I’ve done a lot of writing in my life. Much of it has been heavily edited, often by multiple collaborators. I’ve done a lot of editing as well. Editing is a process I enjoy, and think I’m quite good at. This blog, in contrast, is almost entirely unedited. Early on, I made the strategic/tactical decision to focus my attention on expression, rather than craft. From time to time, I edit what I post here more comprehensively, but most of what you read here is the equivalent of a first or, at most, second draft. Hence the preponderance of commas, parentheses, em dashes, and the like. Those are sort of writing placeholders for “clarify/improve later” that I tend to leave in my pieces here.

Recently, I had an experience with an editor the likes of which I’ve never experienced. Our every interaction – starting with his introduction to me – featured (his) alpha male posturing, one-upmanship, patronizing tone, and subtle and not-so-subtle put-downs.
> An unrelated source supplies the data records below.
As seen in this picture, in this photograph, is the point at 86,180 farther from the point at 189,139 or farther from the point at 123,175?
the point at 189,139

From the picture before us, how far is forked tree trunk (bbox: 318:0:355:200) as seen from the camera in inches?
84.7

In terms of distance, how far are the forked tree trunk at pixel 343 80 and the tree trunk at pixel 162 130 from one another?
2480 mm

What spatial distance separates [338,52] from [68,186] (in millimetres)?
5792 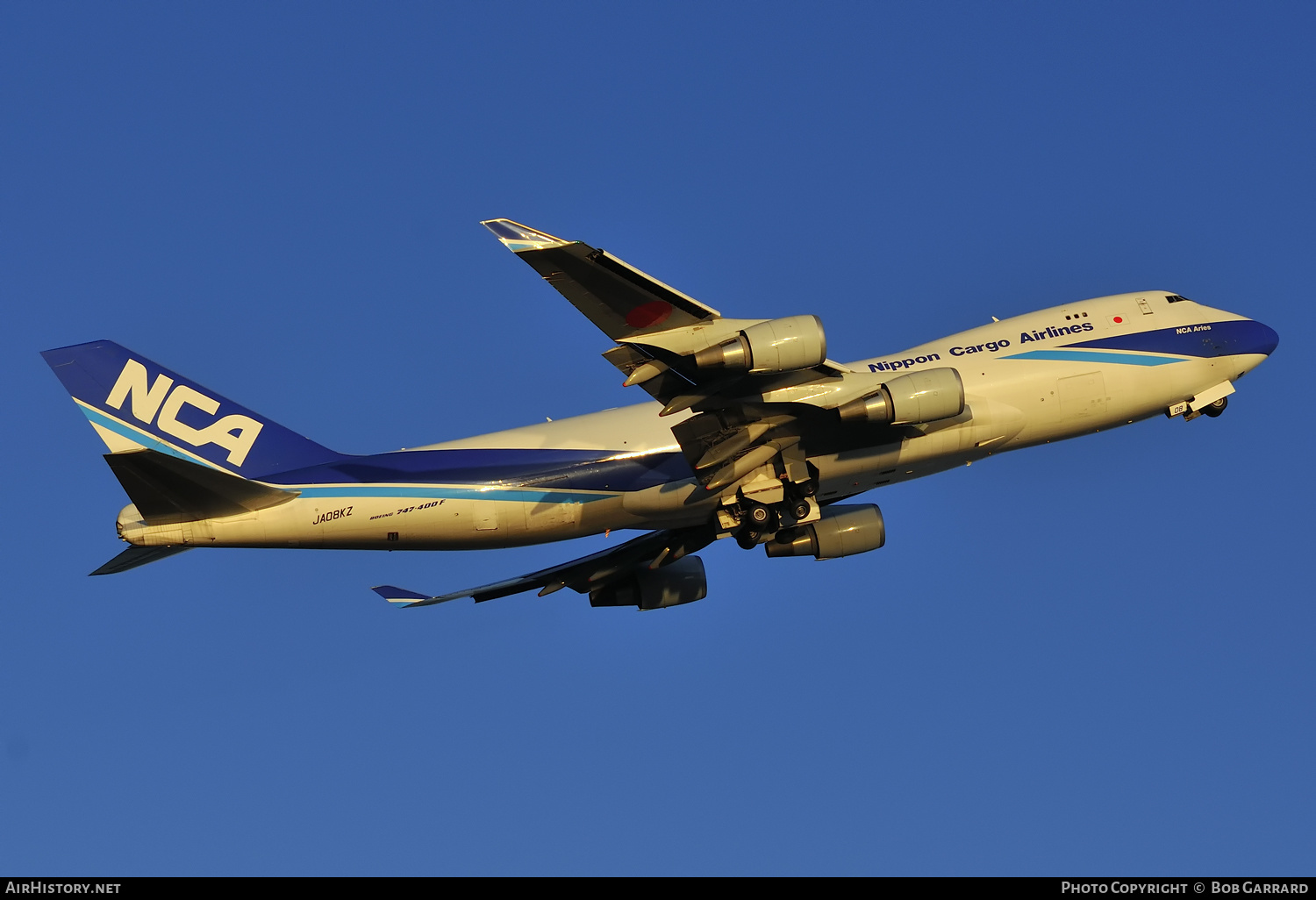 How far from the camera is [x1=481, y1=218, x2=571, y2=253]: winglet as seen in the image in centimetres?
2406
I’m intrigued by this. It’s rare that I have interactions of this sort with people, particularly around writing, where the ultimate goal is so uniformly shared. But this editor seems to imagine editing is a battle. He tallied my comments to his first rough edit – most of which were great, but which got some things just plain wrong, probably because my original text hadn’t been that clear in the first place – and he chastised me. Not for the quality of my comments (in the end, all but two resulted in changes/improvements to his attempts to improve my flawed text), but for their NUMBER. Apparently, the number of comments I offered in response to his edit was “excessive.”  He counted them. He told me. I think it was 18. The idea that one would limit the amount of effort one put in to making a text better – or that one would chafe at someone else’s doing that for no charge – is foreign to me. I think he understood me to be “defending” my version of what I wrote against his presumably “hostile” edits. This wasn’t what I was doing: I was working to clarify, to improve.

He characterized what I was doing as “fighting for” my version over his. The transcript doesn’t support this interpretation. In my comments, I tried to communicate my meaning more comprehensively. He tried to justify, explain, defend his edits, often on grammatical terms. (My grammar, you’ll have noticed, is perfect.) I said to him repeatedly that the only thing I was fighting for was a better piece, that the editing process was improving it, that I was grateful for that.

It’s clear that, in his eyes, his edits can’t be improved by greater access to my meaning, to my intent. And that in every back-and-forth between us about an edit, there was a winner and a loser.

This approach to writing, to editing, is just inimical to how I think.

And/but…. the editing was helpful. At the end of the day, the piece was better for his having edited it. And I find myself questioning my impulses, my reactions. Was I difficult? Was I fighting him? I don’t think so. Honestly.

And I’m left wondering about whether I want to write more for/with this editor. (It should be noted, whatever it was I thought I would get out of writing the piece, I didn’t get. Not in the way of pleasure, engagement, stimulation – nothing.)

So the question is – do I try again? Or do I let it rest?